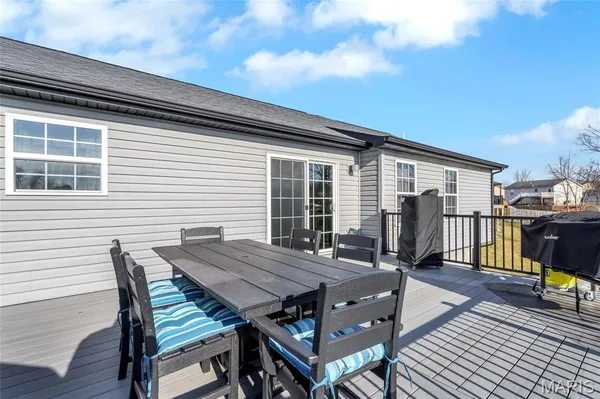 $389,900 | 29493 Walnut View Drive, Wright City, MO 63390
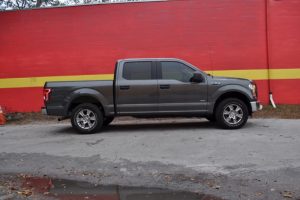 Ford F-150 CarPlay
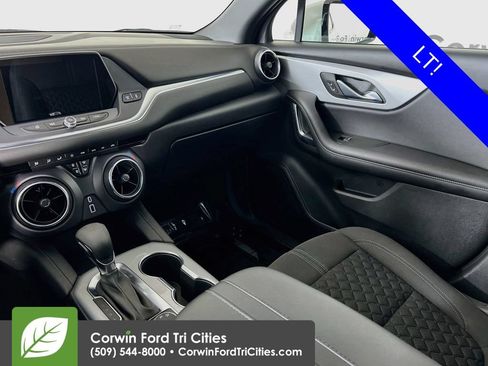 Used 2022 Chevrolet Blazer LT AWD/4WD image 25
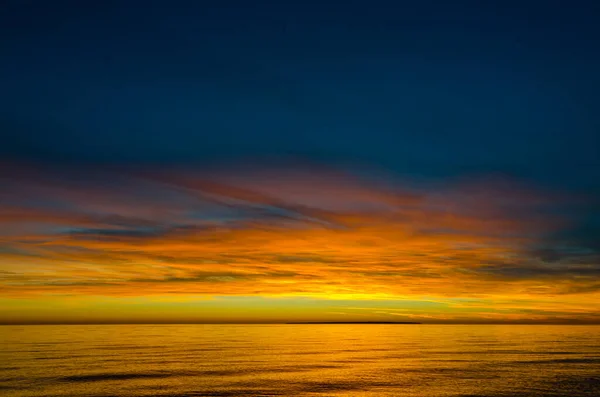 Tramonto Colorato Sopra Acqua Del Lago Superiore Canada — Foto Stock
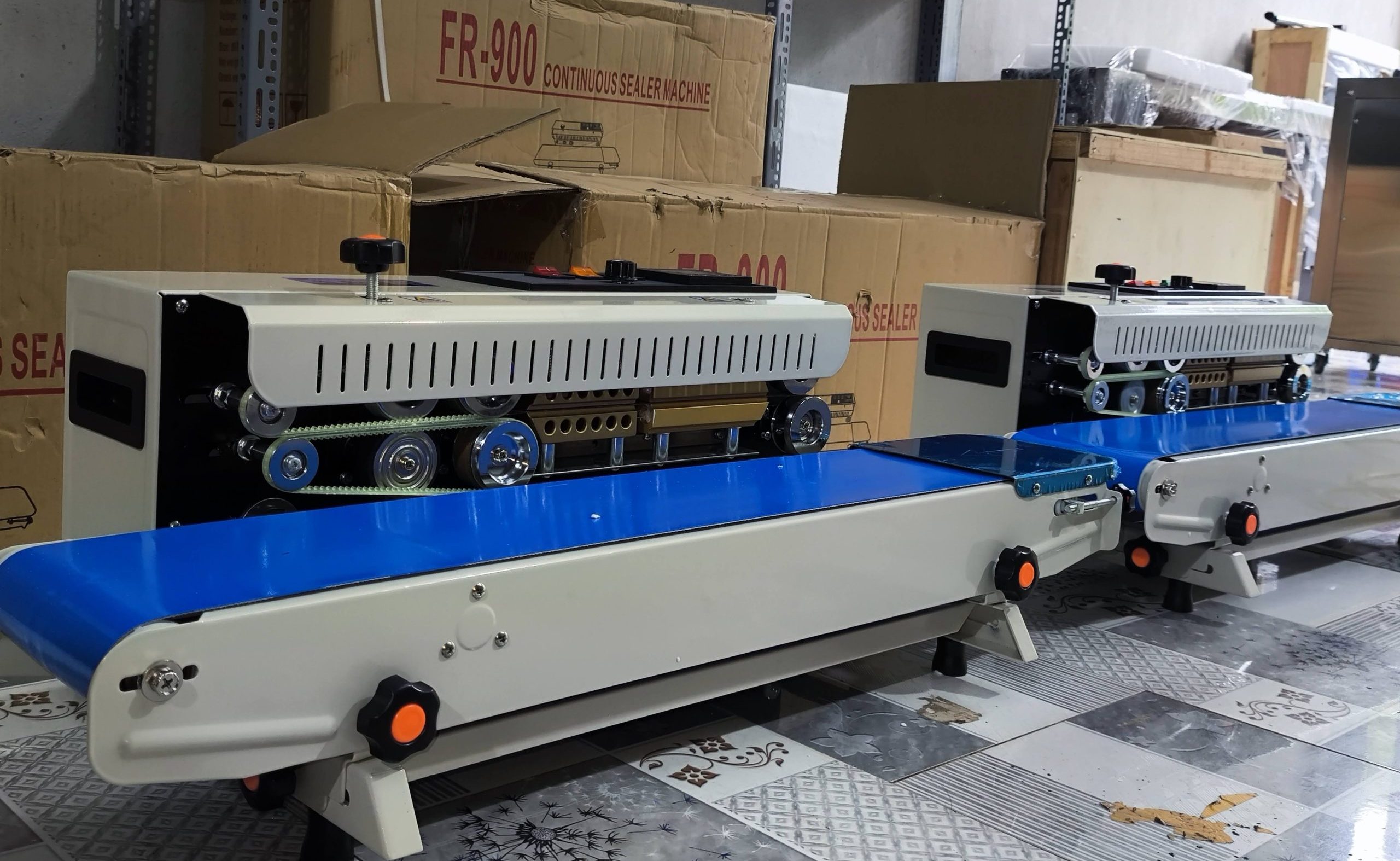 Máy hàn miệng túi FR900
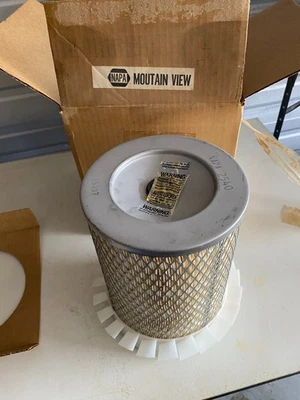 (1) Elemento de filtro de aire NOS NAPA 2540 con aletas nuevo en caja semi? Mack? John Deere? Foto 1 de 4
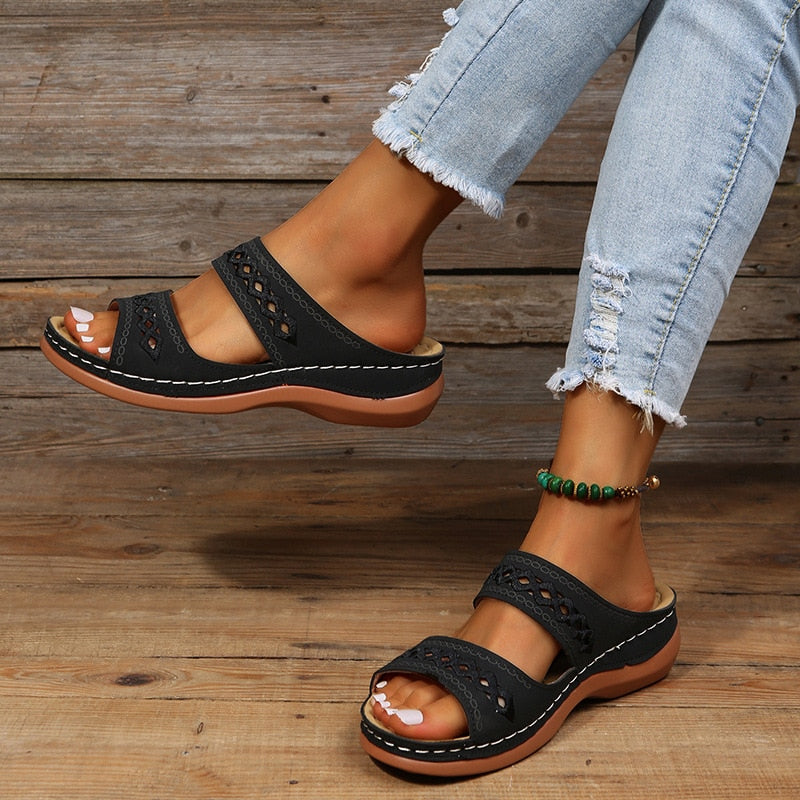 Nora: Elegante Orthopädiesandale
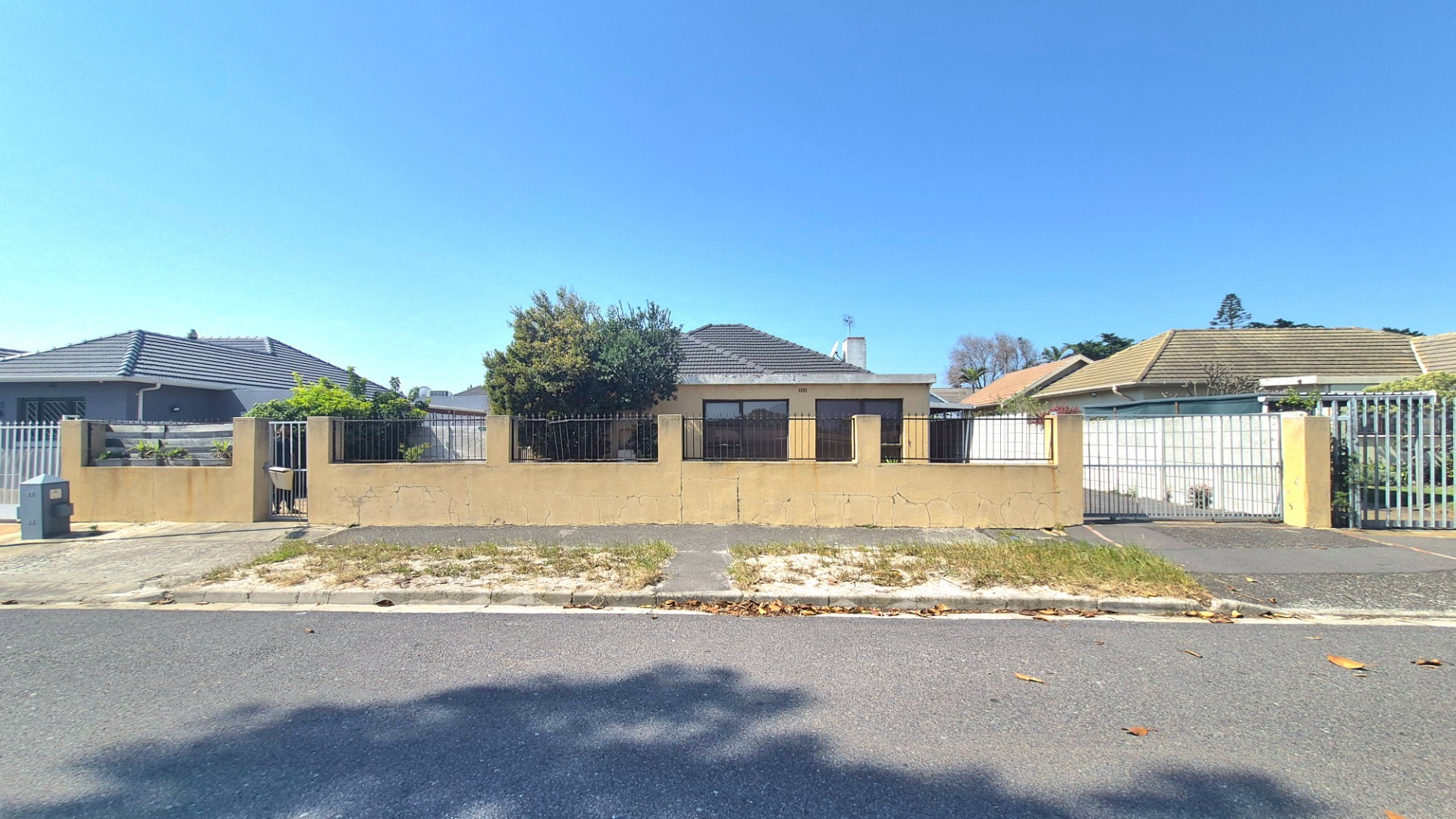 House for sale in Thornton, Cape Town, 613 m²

▶ **EXERCISE BRIEF**:
If a line falls between the one containing "Máy hàn miệng túi FR900" and the last line of the entries above, both included, reproduce it exactly; leave the pictures out.

▶ **WRITTEN RESPONSE**:
 Máy hàn miệng túi FR900
 (1) Elemento de filtro de aire NOS NAPA 2540 con aletas nuevo en caja semi? Mack? John Deere? Foto 1 de 4
 Nora: Elegante Orthopädiesandale
 House for sale in Thornton, Cape Town, 613 m²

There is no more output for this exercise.